Sobre el asfalto interminable de los callejones habaneros, en la mayor de las plazas cansadas del tumulto, en las esquinas silenciosas de un barrio y su miseria, se percibió el olor de sus gladiolos, el color transparente de sus consignas y el clamor pulcro de sus demandas.
Estaba en la primera línea con una hueste de hermosas mujeres empuñando la razón frente a los cañones. Serena, con la lucidez del optimismo, su voz se escuchaba en las paredes lejanas del universo y el agresor trepidaba en su presencia.
Con la verdad en su cartera estremeció los muros del poder. Escaló la altura posible en un país abrumando de miedo. A pesar del cansancio, la débil estatura de su cuerpo enfermo, movilizó las tribunas desesperadas del tirano y de pronto, toda la ciudad supo que sus barcos cruzaban a todas horas la bahía aunque las tormentas fueran pavorosas muchedumbres salidas de los barrios menesterosos que ella deseaba cambiar.
Pocos en estos tiempos de desconfianza pudieron mirar como ella al sol desde el trópico, con la seguridad de alcanzar el mayor de sus destellos.
Laura urgió la esperanza en un pueblo dormido. Retó a los hombres sentados bajo la sombra de la espera a tomar el camino que había transitado para llegar temprano a la libertad.
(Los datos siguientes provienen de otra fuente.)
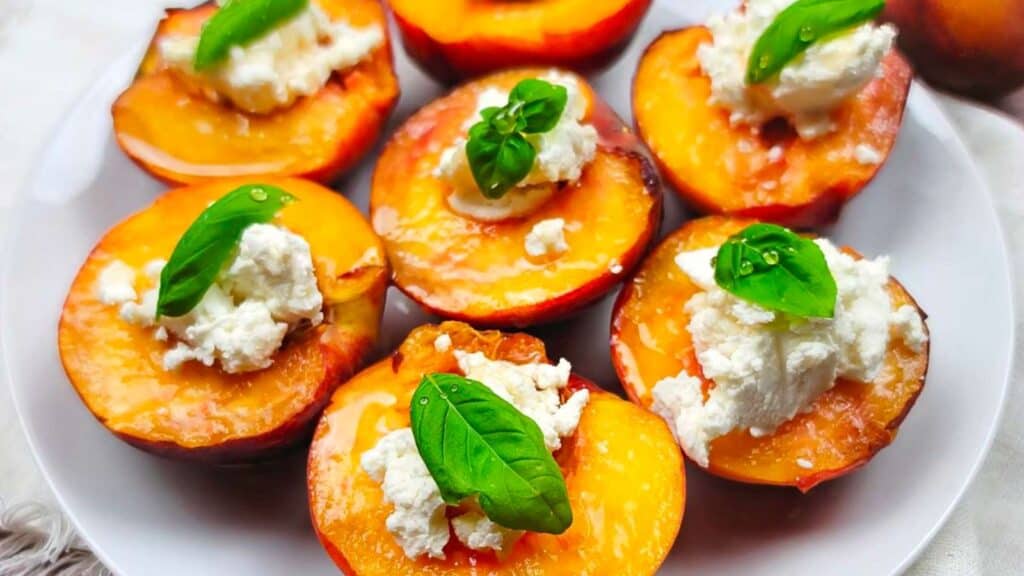 Stuffed peaches on a platter topped with mint.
La seguiré encontrando en las calles que siempre fueron suyas, frente a los muros viejos del malecón, en las catedrales cómplices y querellantes, en un retrato repetido en medio siglo, cuando otras mujeres son impedidas de procrear una nación con su esperanza, en los versículos de un libro de una historia inconclusa y en las paredes carcomidas de la ciudad.
La esperaré en esas mismas calles donde escribió un poema en primavera.